使用libsvm提高我的归一化精度的建议

[英]Suggestions to improve my normalized accuracy with libsvm

原文 2013-11-08 10:54:28 8 1 machine-learning/ artificial-intelligence/ svm/ libsvm

I'm with a problem when I try to classify my data using libsvm. 当我尝试使用libsvm对数据进行分类时遇到问题。 My training and test data are highly unbalanced. 我的培训和测试数据非常不平衡。 When I do the grid search for the svm parameters and train my data with weights for the classes, the testing gives the accuracy of 96.8113%. 当我在网格上搜索svm参数并使用类别的权重训练我的数据时，测试得出的准确度为96.8113％。 But because the testing data is unbalanced, all the correct predicted values are from the negative class, which is larger than the positive class. 但是，由于测试数据不平衡，因此所有正确的预测值都来自负面类别，该类别大于正面类别。

I tried a lot of things, from changing the weights until changing the gamma and cost values, but my normalized accuracy (which takes into account the positive classes and negative classes) is lower in each try. 从更改权重到更改伽玛值和成本值，我做了很多尝试，但是每次尝试时我的归一化精度（考虑到正数类和负数类）都较低。 Training 50% of positives and 50% of negatives with the default grid.py parameters i have a very low accuracy (18.4234%). 使用默认的grid.py参数训练50％的正值和50％的负值的准确性非常低（18.4234％）。

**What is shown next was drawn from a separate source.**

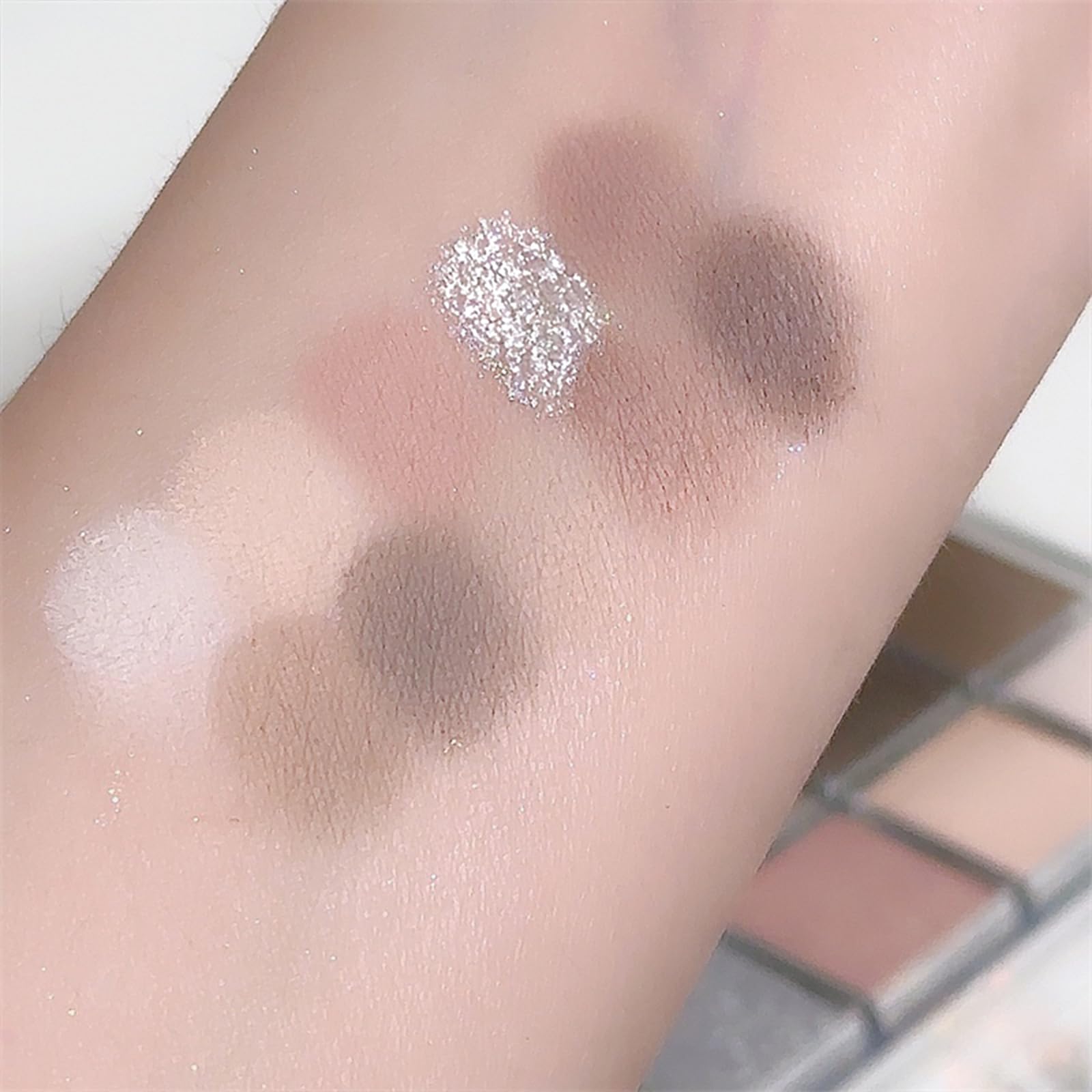 Erinde 10 Colors Eyeshadow Palette Makeup - Matte Shimmer Glitter Eye Shadow Korean Makeup, Ultra-Blendable, High Pigmented, Natural-Looking, Peach Brown Eyeshadow Pallet with Brush, Peach Color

I want to know if the problem is in my description (how to build the feature vectors), in the unbalancing (should i use balanced data in another way?) or should i change my classifier? 我想知道问题出在我的描述中（如何构建特征向量），不平衡中（我应该以其他方式使用平衡数据吗？）还是应该更改分类器？

1 个解决方案

Better data always helps. 更好的数据总是有帮助的。

I think that imbalance is part of the problem. 我认为不平衡是问题的一部分。 But a more significant part of the problem is how you're evaluating your classifier. 但是，问题中最重要的部分是您如何评估分类器。 Evaluating accuracy given the distribution of positives and negatives in your data is pretty much useless. 考虑到数据中正负分布的准确性，几乎没有用。 So is training on 50% and 50% and testing on data that is distributed 99% vs 1%. 因此，对50％和50％进行培训，并对分布在99％对1％的数据进行测试。

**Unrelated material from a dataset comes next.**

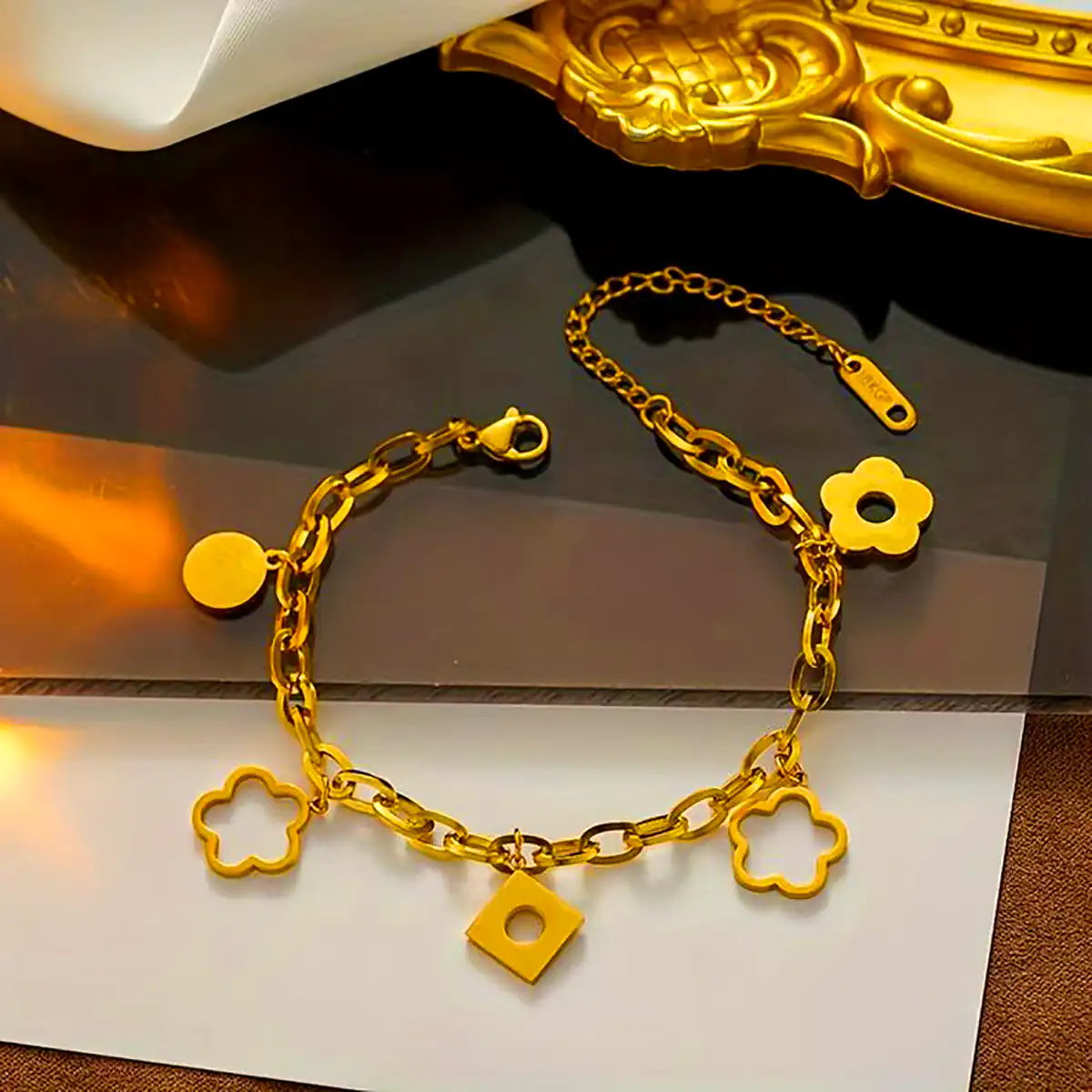 دستبند طلا جدید آویز دار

There are problems in real life that are like the one your studying (that have a great imbalance in positives to negatives). 现实生活中存在一些问题，就像您正在研究的问题一样（正负之间存在很大的失衡）。 Let me give you two examples: 让我举两个例子：

Information retrieval: given all documents in a huge collection return the subset that are relevant to search term q. 信息检索：给定巨大集合中的所有文档，返回与搜索项q相关的子集。
Face detection: this large image mark all locations where there are human faces. 人脸检测：此大图像标记了人脸所在的所有位置。

Many approaches to these type of systems are classifier-based. 这些类型的系统的许多方法都是基于分类器的。 To evaluate two classifiers two tools are commonly used: ROC curves , Precision Recall curves and the F-score . 要评估两个分类器，通常使用两个工具： ROC曲线， Precision Recall曲线和F分数。 These tools give a more principled approach to evaluate when one classifier is working better than the another. 这些工具提供了一种更原则性的方法来评估一个分类器何时比另一个分类器更好地工作。